Now my point here, just to be clear is not about the merits of "drink driving" legislation its about the self determination of a Sovereign sate to determine its own legislation.
MSM (Main Stream Media) still have a long way to go if and I quote "Plans to review permitted alcohol levels for drivers would have no impact on criminally irresponsible individuals who routinely drive while well over the limit," says The Telegraph leader. "It is therefore puzzling that Lord Adonis, the Transport Secretary, wants to reopen this debate,"


Deary deary me when are these people (reporters) going to wake up to the single most important FACT that we are ruled by the EU Commission in Brussels now!

NO…….it isn't “puzzling” – it isn't “puzzling” at all. This is an EU led initiative. As we all know, police at the moment in the UK can only demand a breath test if they have "reasonable suspicion" (usually erratic driving) that a driver has been consuming alcohol.


Even The Home Office, which insists that random tests are not an efficient way of catching drink-drivers. does not see a need for them to be introduced. However – and here is the crunch - the president of Tispol, the European Traffic Police Network, said the commission would attempt to make its recommendation a directive if it is not followed.

Says Ad Hellemons, also Dutch Assistant Commissioner of Police, talking to BBC Radio Five Live Five: "This is the first time the European Commission has made such a recommendation. The vast majority of member states already carry out random breath tests. We can’t understand why governments would want to protect drink-drivers".

"The European Commission has made it clear that they expect this recommendation to be followed. If not they will try to make it a directive". So there you have it – you will do as we "recommend", or we will make it LAW.

However, there is even more to this than the headline story makes out. In fact, quietly and very much behind the scenes, the EU has been conducting wide-ranging studies on road traffic law enforcement for many years.

Between 1998–2002, as part of the European fourth framework programme (DG TREND), information was gathered and assessed concerning police enforcement strategies and effects throughout Europe for the EU research project ESCAPE (Enhanced Safety Coming from Appropriate Police Enforcement).

This "ESCAPE" project was itself a follow-on from another EU project called GADGET, funded under the "4th Framework Programme project", with the sinister title of "Legal measures and enforcement". This and other EU projects "prepare the groundwork for implementing Europe-wide demonstration projects in enforcement".

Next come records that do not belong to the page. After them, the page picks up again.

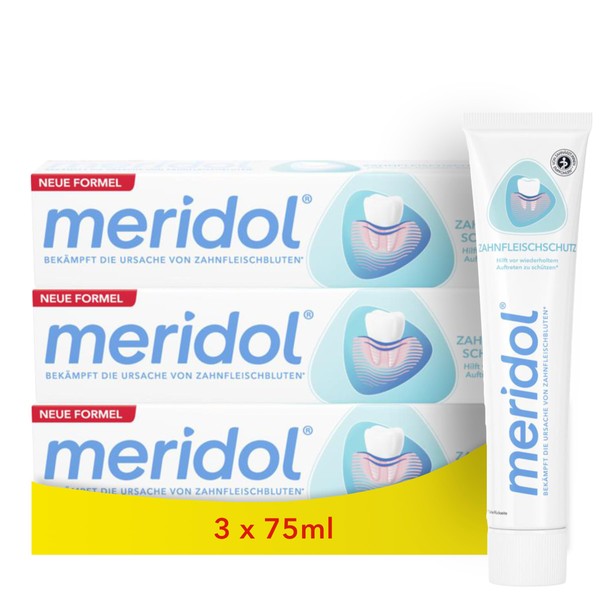 meridol Toothpaste 3 x 75 ml - Toothpaste Fights Gum Disease, Antibacterial Effect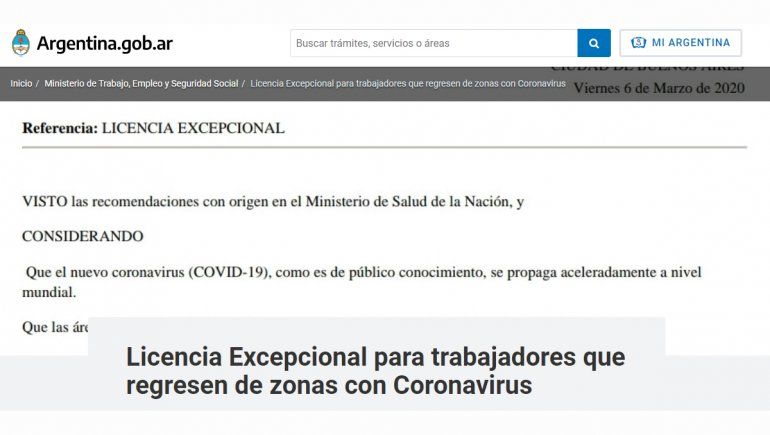 Otorgarán licencia extraordinaria a quienes regresen de zonas con coronavirus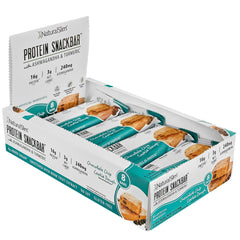 NaturalSlim protein bars with ashwagandha and turmeric box front for on-the-go nutrition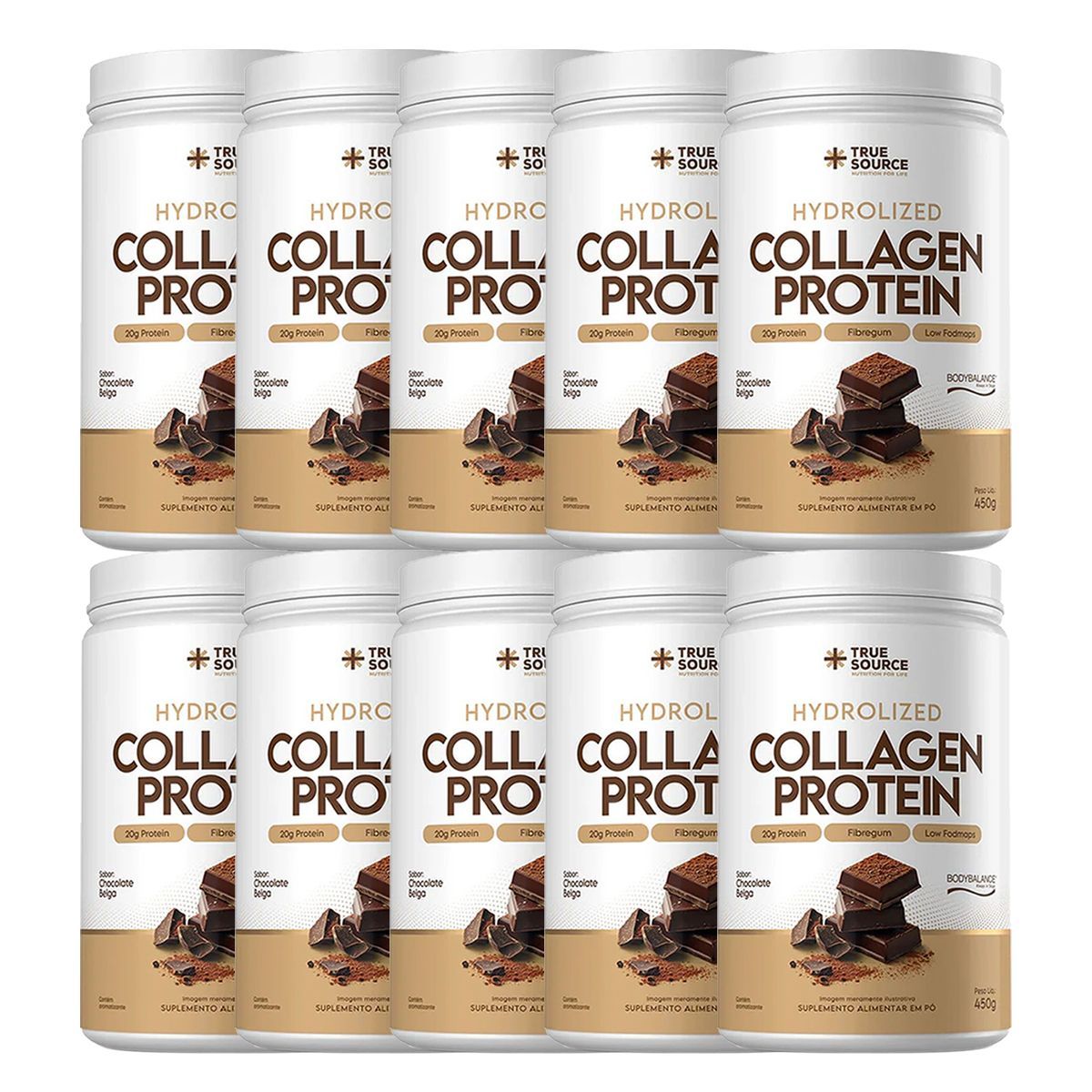 Kit 10X Collagen Protein Bodybalance - 450g Chocolate Belga - True Source	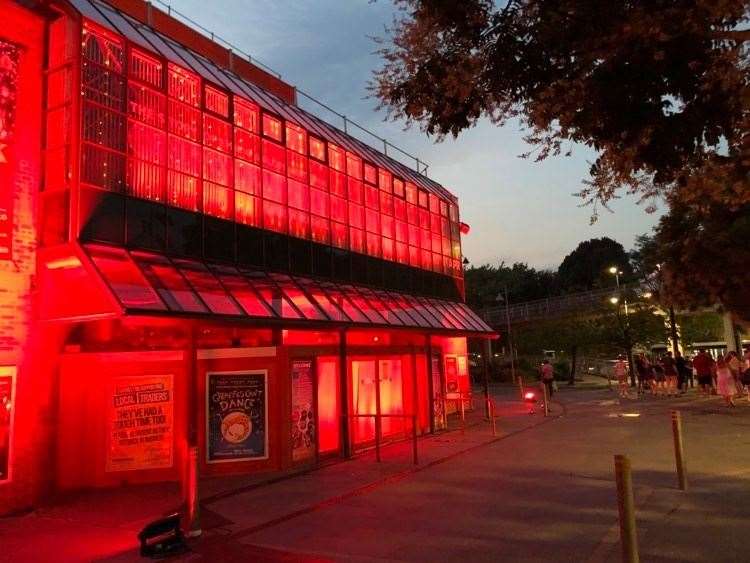 Dartford's Orchard Theatre joined the Tate Modern in London in lighting up red in salute to struggling arts venues across the country due to the coronavirus pandemic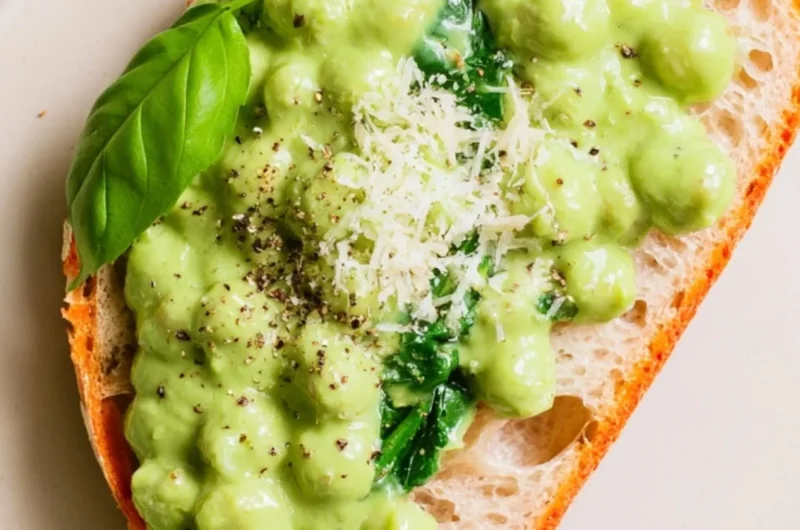 Creamy high protein pesto chickpeas served in a bowl with fresh basil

It goes right back to May 2004 when the EU decided it wanted common drink-driving limits. Only, instead of coming out in the open, as any accountable democracy would do, therefore subjecting any proposal to scrutiny and debate it is pushing for each member state "voluntarily" to impose harmonised standards, and only then will it issue a Directive, ~(ergo EU LAW) claiming that this is simply to regularise and standardise a position that already exists. For that is how our masters Le Commission work!

The EU commission is well-aware that bringing out a harmonising Directive at this stage so early after the ratification of Lisbon would trigger a huge wave of protest and anti-EU sentiment, so it is working behind the scenes, as always with a veiled threat that, unless the member states comply "voluntarily" it will push for a new law (i.e. Directive)

The whole agenda was set out in 2002 (138 pages .pdf) - the project called "ESCAPE", which plans EU-wide traffic law harmonisation and common enforcement standards. (Any bets on how long before we have to drive on the right side of the road and have KMPH speed signs) This drink-drive limit is only one of the proposals. Standard speed limits, random (without evidence of suspicion) breath-testing and uniform fines are all proposed.

As always, though, the so called "newspapers" (ergo MSM) cannot see what is in front of their very noses – hence the leader writer finding the current government action "puzzling". These so called “reporters” are babes in arms when it comes to understanding how our government now based in Brussels works.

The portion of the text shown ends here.